### [Aim of the exercise]
Take the lines in the listing below from the line with "The Questioneers - Iggy Peck, Architect" up to and including the line with "I Didn T Forget" and set them down exactly, skipping pictures and adding nothing.

### [Supplied records]
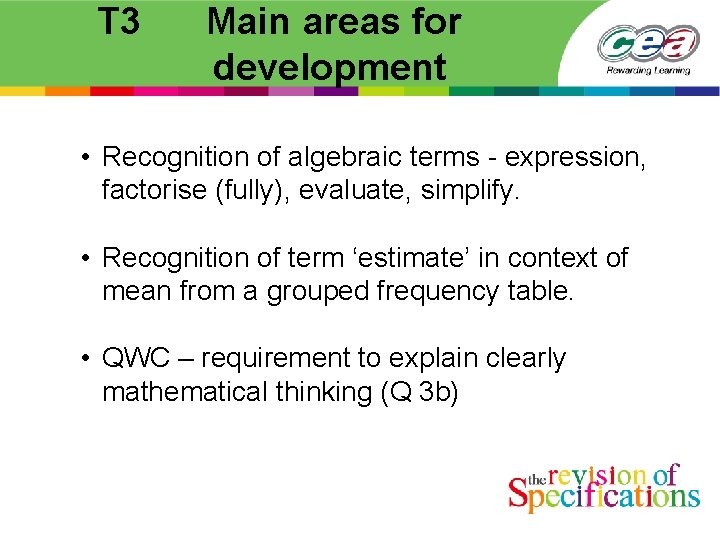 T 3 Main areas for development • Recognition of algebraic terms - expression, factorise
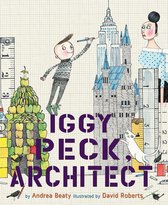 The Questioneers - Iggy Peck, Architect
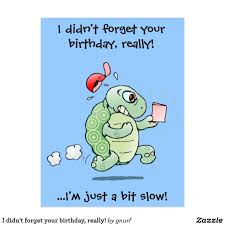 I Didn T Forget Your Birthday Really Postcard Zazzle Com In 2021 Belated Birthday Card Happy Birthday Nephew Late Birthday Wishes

...

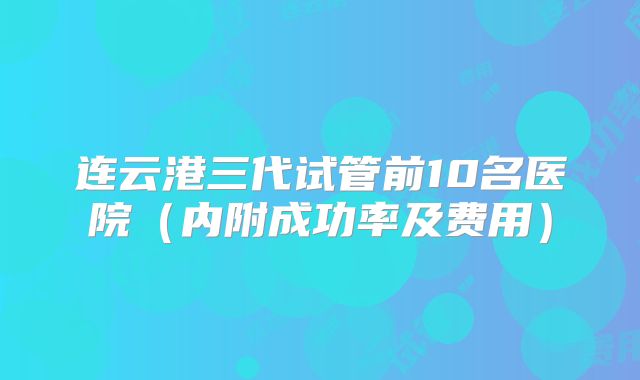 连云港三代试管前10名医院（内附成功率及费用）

### [Solution for this problem]
 The Questioneers - Iggy Peck, Architect
 I Didn T Forget Your Birthday Really Postcard Zazzle Com In 2021 Belated Birthday Card Happy Birthday Nephew Late Birthday Wishes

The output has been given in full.